Серая хризантема(Фантастические повести и рассказы) - Шаламов Михаил Львович
Шрифт:
Интервал:
Закладка:
Он потрепал по щеке зардевшуюся жену и добавил благодушно:
— Мария, скоро мы будем жить ф столице. Ты сможешь каждый зоммер возить детей отдыхать ф Ниццу. — Бледно-голубые глаза его увлажнились, и тень сентиментальной задумчивости упала на чело. — О, Ницца, Ницца… — шептал он умиленно.
Но шли дни, недели, а ответа из министерства г-н Ленц так и не получил.
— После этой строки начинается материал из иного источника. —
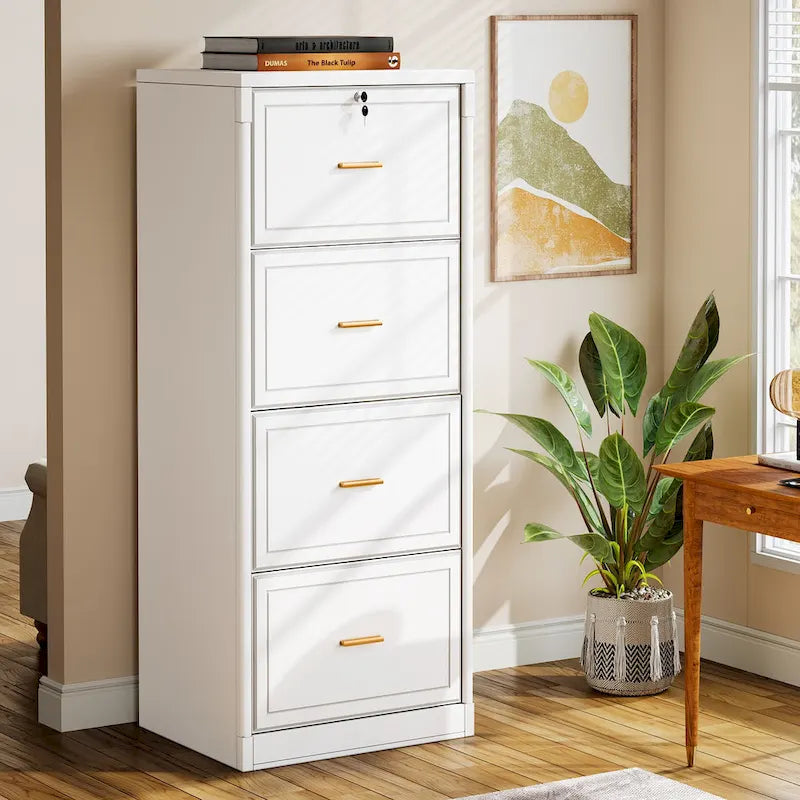 4-Drawer Vertical Filing Cabinet with Lock and Key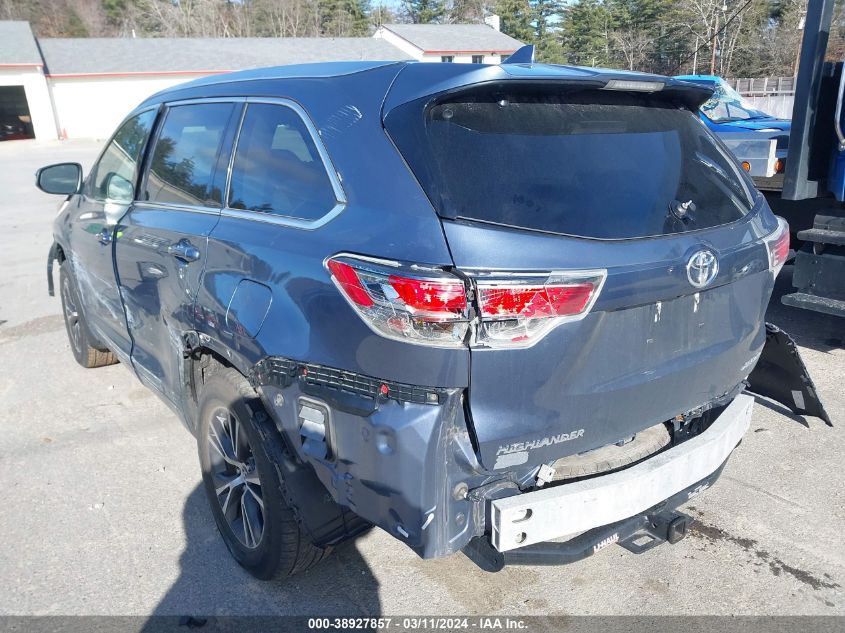 2016 Toyota Highlander Xle V6 VIN: 5TDJKRFH9GS311417 Lot: 38927857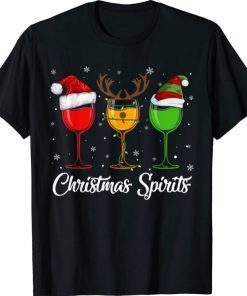 Christmas Spirits Glasses Of Wine Xmas Drinking Men Women T-Shirt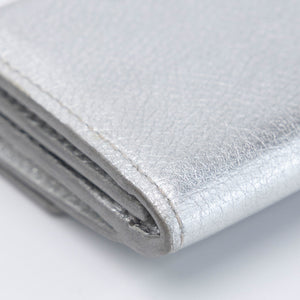 LOUIS VUITTON LOCK MINI TRIFOLD WALLET SILVER LEATHER SHW (MICROCHIP)
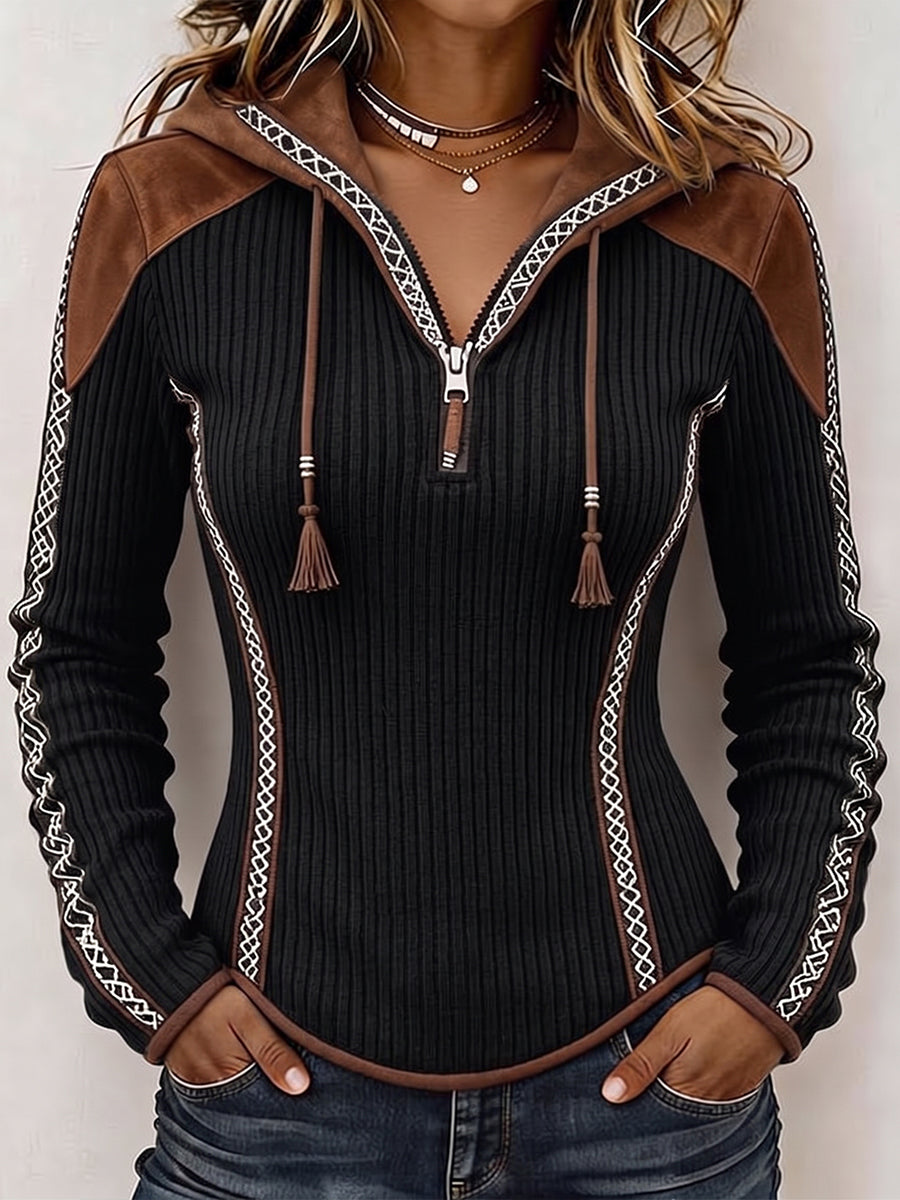 Cozy Contrast Trim Hooded Ribbed Pullover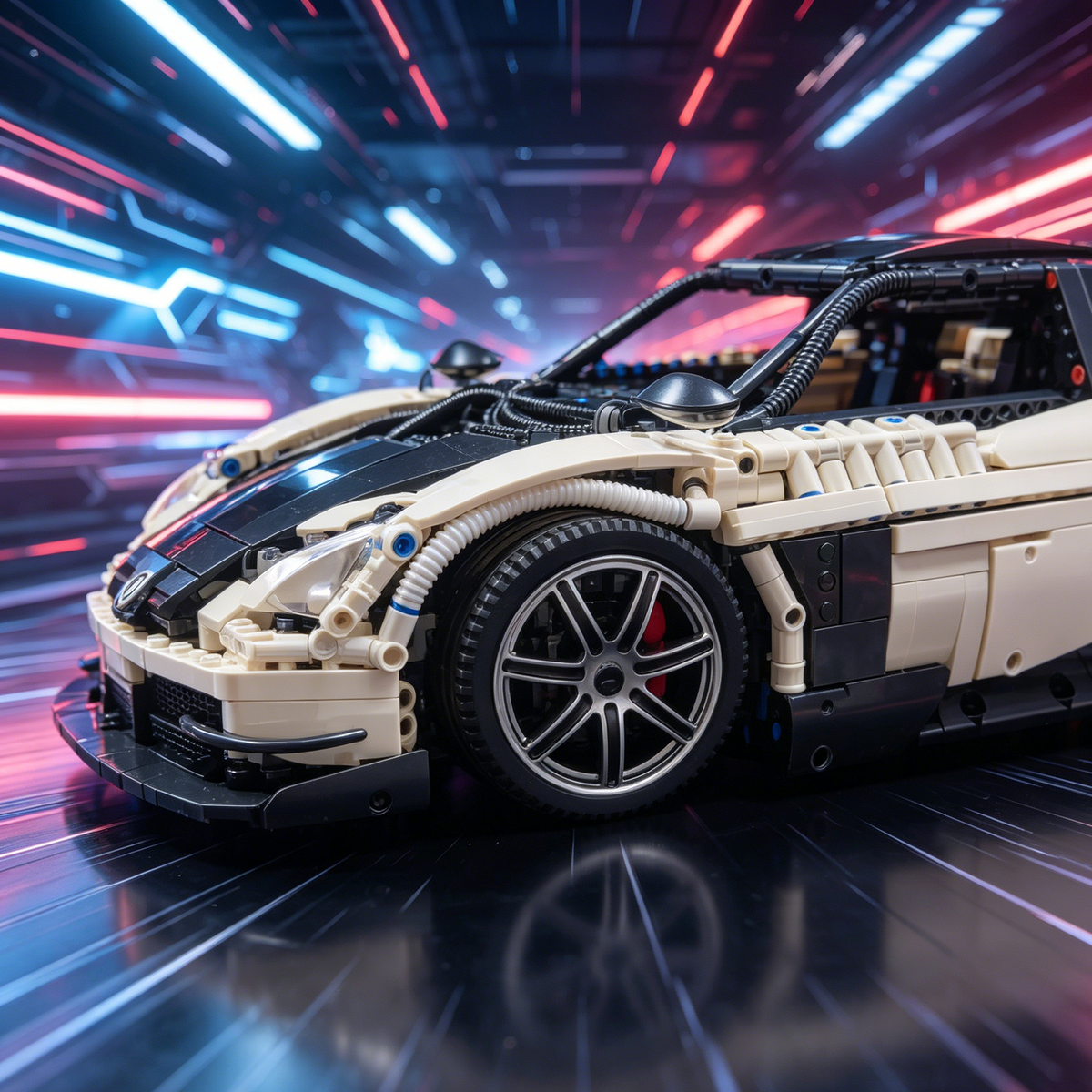 Pagani Huayra BC White-Black Contrasting Livery 1:8 Finished Building Block Car 3280PCS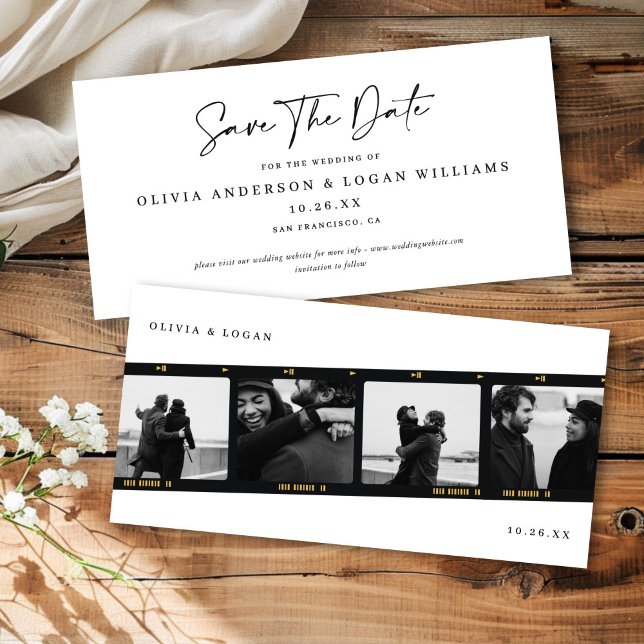 Reserva La Fecha Modern Multi-Photo Filmstrip Wedding Save The Date (Subido por el creador)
Видели бы вы, как он томился душой!
— Да плюньте вы на это! — советовал я ему. — Зачем искушать судьбу? Для чего давать в руки наших вояк такое страшное оружие? Ваш «скорострел» войной пахнет, и не шуточной! Одумайтесь! Нужна нам эта война? Нужна она вам, мне, вашим детям? Подумайте о детях, Иван Карлович!
Но он не успокаивался. Он то кричал о верности царю и отечеству, о патриотизме и справедливости, то принимался ругать на двух языках «глюпи русски бюрократен». Со временем я стал все чаще и чаще замечать, что в его разглагольствованиях стала упоминаться Германская Империя.
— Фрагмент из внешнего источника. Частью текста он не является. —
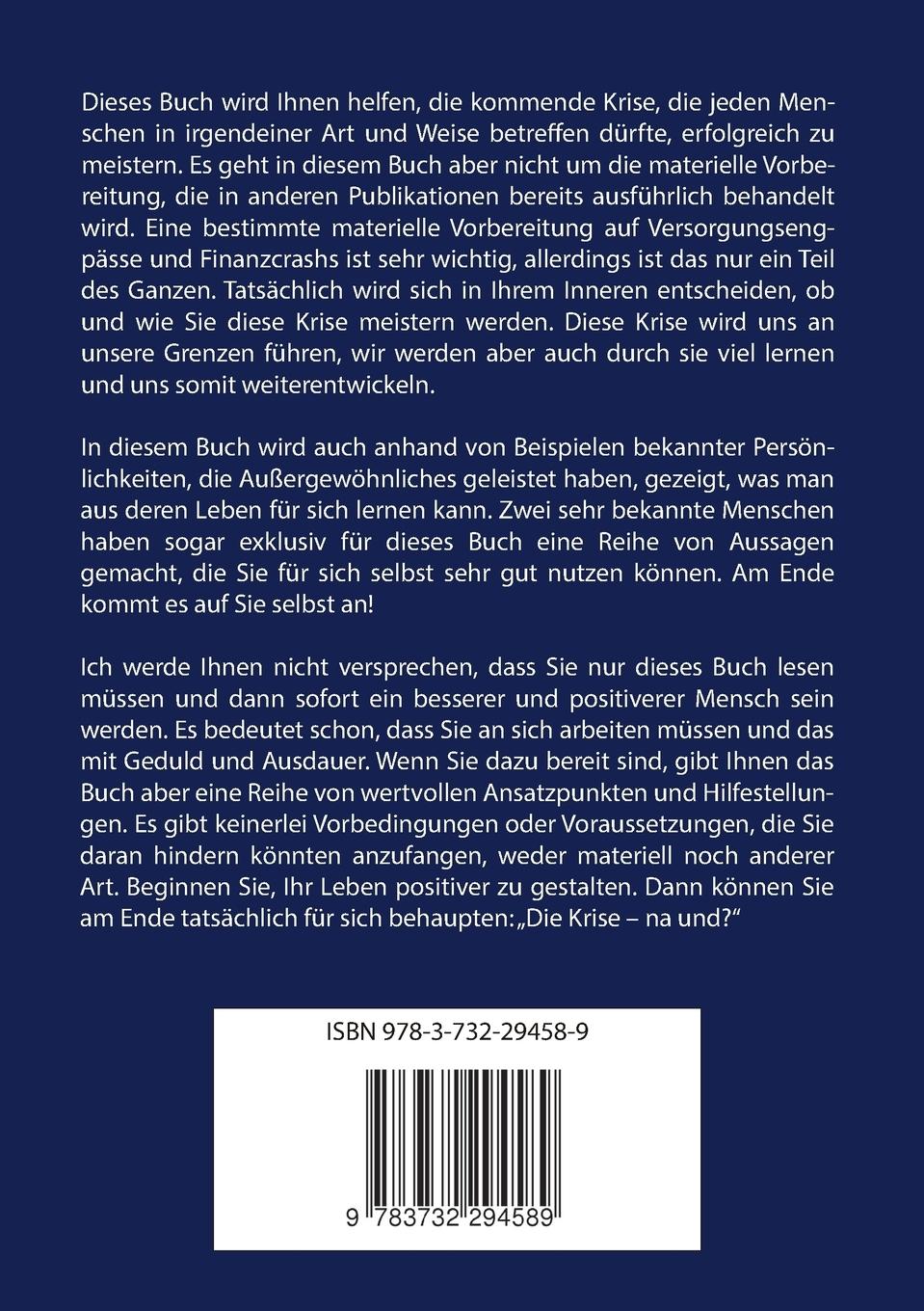 Rückseitencover Die Krise - na und?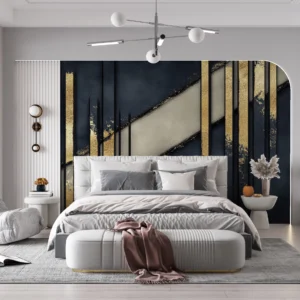 Papier Peint Géométrique Art Déco Bleu Marine et Or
— Найн! — ворчал он. — Ф Россия нет умный чинофник! Тут у фас думкопф на думкопфе сидит и думкопфом погоняйт. Фатерлянд — фот моя надежда. Там меня поймут! Ф Дойчланд умный челофек фсегда поймет умного челофека!
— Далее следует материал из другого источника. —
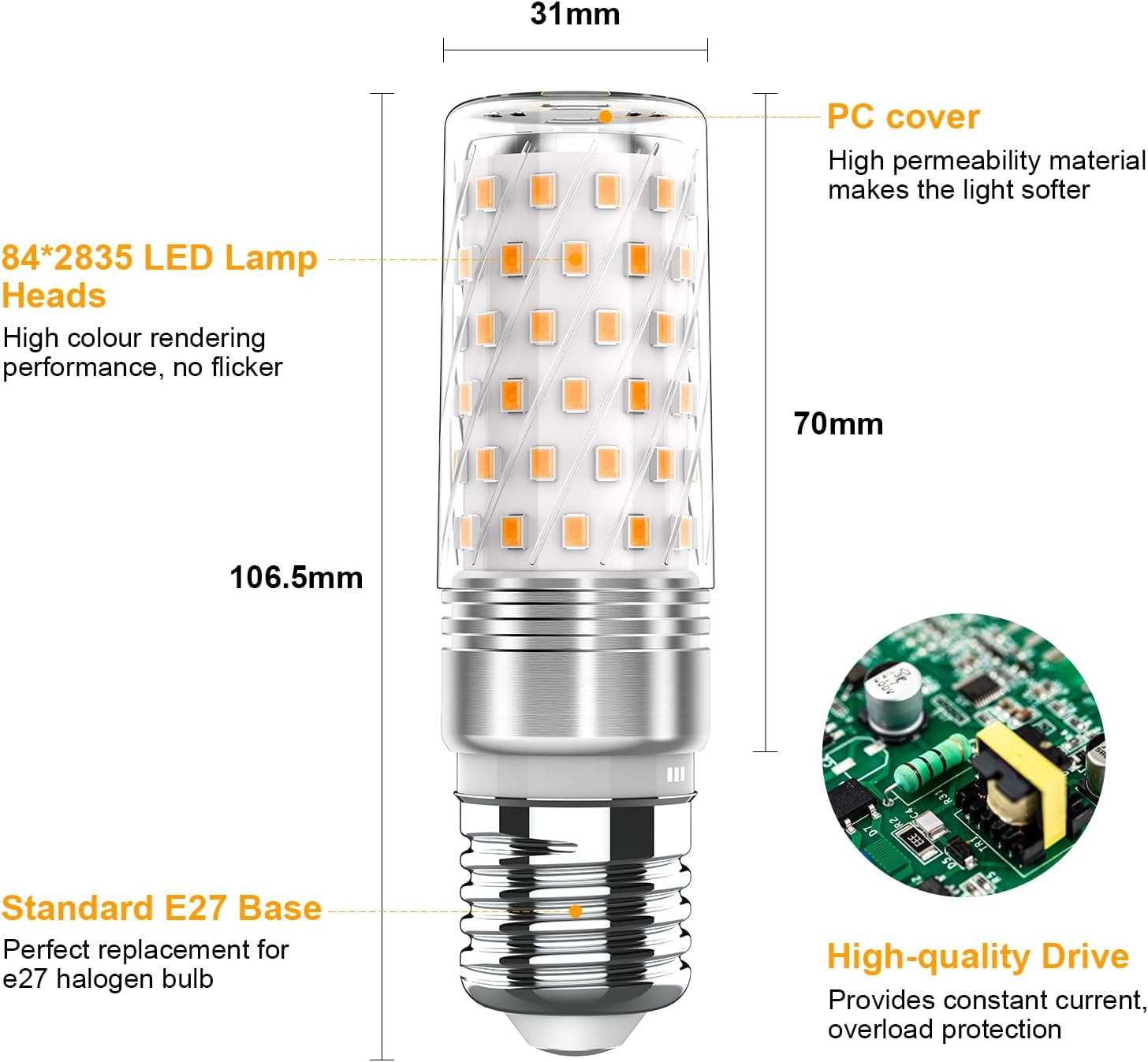 Detalle de Bigzom Ampoule LED E27 Blanc Chaud 2700K 1400LM – Lot de 2 (10W)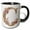 Black/White, variant on 3drose, Pink and Image of Gold Floral Monogram Initial C, 15oz Mug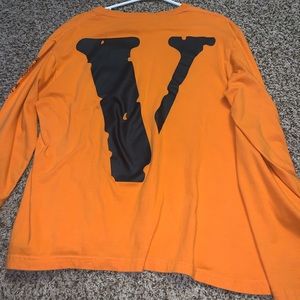 off-white x vlone orange long sleeve shirt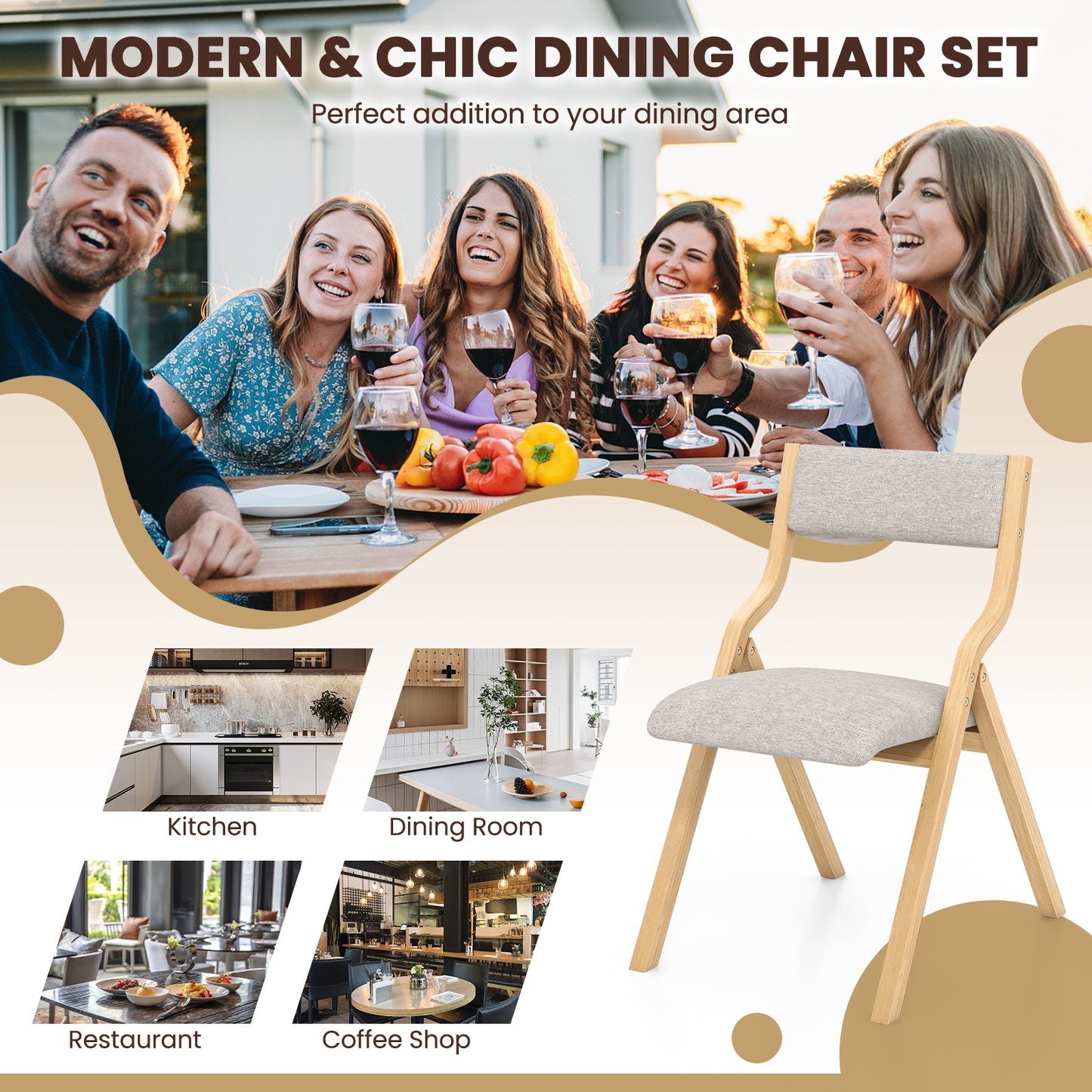 Pair of Wooden Folding Dining Chairs with Linen Fabric Padded Seat and Backrest - Natural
От волнения в таких случаях он еще больше коверкал и перевирал оба языка, так что понять его без привычки было очень сложно. Да я его и не слушал. В такой нервной обстановке жили мы четыре месяца. Г-н Ленц ходил мрачнее тучи, жена его с утра до ночи жаловалась на мигрень, а ваш покорный слуга подыхал со скуки. Но когда я узнал, что Иван Карлович, окончательно разочаровавшись в деловых качествах русского чиновничьего аппарата, всерьез задумал ехать в Германию на рандеву с немецким кайзером, я понял, что надо действовать. Ближайшей же ночью пробрался я к нему в кабинет, взломал секретер и выбросил «скорострел» в Волгу.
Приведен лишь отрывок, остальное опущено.